Очевидно, что из всех пунктов сложности возникают исключительно со 2-м.
В быту у Софьи всё успешно. Она частично реализуется в нем, хотя и устает от него, но это скорее положительно для неё, ибо быт – это повседневные задачи, которые она успешно выполняет.
С детьми так же всё в порядке, они для неё наиболее однозначный источник положительных эмоций.
Сегодня Степа брат разговаривал с Львом Николаевичем и Сережей. Я вошла – они замолчали. Я спрашиваю: о чем говорили? Они замялись, потом Л.Н. говорит: «Мы говорили о том, что лучшие (половые) отношения с женщинами – это с простыми крестьянками, но, разумеется, без брака. Как только женятся на крестьянке, так добра не будет».
Я просто ушам не верила. Да, если я не пошла за мужем в его учениях, то потому, что он никогда не был искренен. Вот и выскочит порой тот настоящий Л.Н., который высказывает свои настоящие мысли.

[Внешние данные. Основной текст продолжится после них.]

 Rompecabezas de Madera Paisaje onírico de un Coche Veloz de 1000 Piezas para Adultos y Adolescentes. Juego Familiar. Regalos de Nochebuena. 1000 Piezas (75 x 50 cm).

Да, бедная, бедная я! Ему всегда мешало во мне именно то, что любила все изящное, любила чистоту во всем – и внешнем, и внутреннем. Все это ему было не нужно. Ему нужна была женщина пассивная, здоровая, бессловесная и без воли. И теперь моя музыка его мучит, мои цветы в комнате он осуждает, мою любовь к всякому искусству, к чтению биографии Бетховена или философии Сенеки – он осмеивает… Ну, прожила жизнь, нечего поднимать в сердце все наболелое.
Два дня не писала. Много трудилась эти дни над корректурами статьи «Что такое искусство?». Вписывала переводы и поправки; кончила совсем корректуры «Детства и отрочества». Третьего дня вечером Л.Н. ходил к Русановым, а ко мне пришли его племянницы Лиза Оболенская и Варя Нагорнова, а художник Касаткин принес великолепные рисунки: иллюстрации Евангелия французского художника Тиссо. Мы все и Таня разглядывали эти интересные рисунки, очень оригинальные, замечательные в этнографическом отношении и полные фантазии.
Вчера ходила пешком на Кузнецкий Мост, вернувшись, вижу, что Л.Н. катается в саду на коньках. Я поскорей надела коньки и пошла с ним кататься. Но после Патриарших прудов в нашем саду все-таки тесно и невесело кататься. Л.Н. катается очень уверенно и хорошо; он стал опять бодрей и веселей дня три. Еду я вчера в концерт и ясно, ясно стала себе представлять то бедствие народное от неурожаев и бесхлебицы, о котором со всех сторон уже говорят усиленно. Все мне ярко представилось, точно я видела только что все это – детей, просящих есть, а есть нечего, матерей, страдающих от вида голодных детей, а самих тоже голодных, – и ужас на меня напал, какое-то бессильное отчаяние… Ничего не заставляет меня так страдать, как мысль о голоде детей. Вероятно оттого, что когда я кормила грудью детей своих, то эта мысль, что ребенок голоден, у меня наболела, и мне теперь жалко не своих уж детей, а всех детей на свете.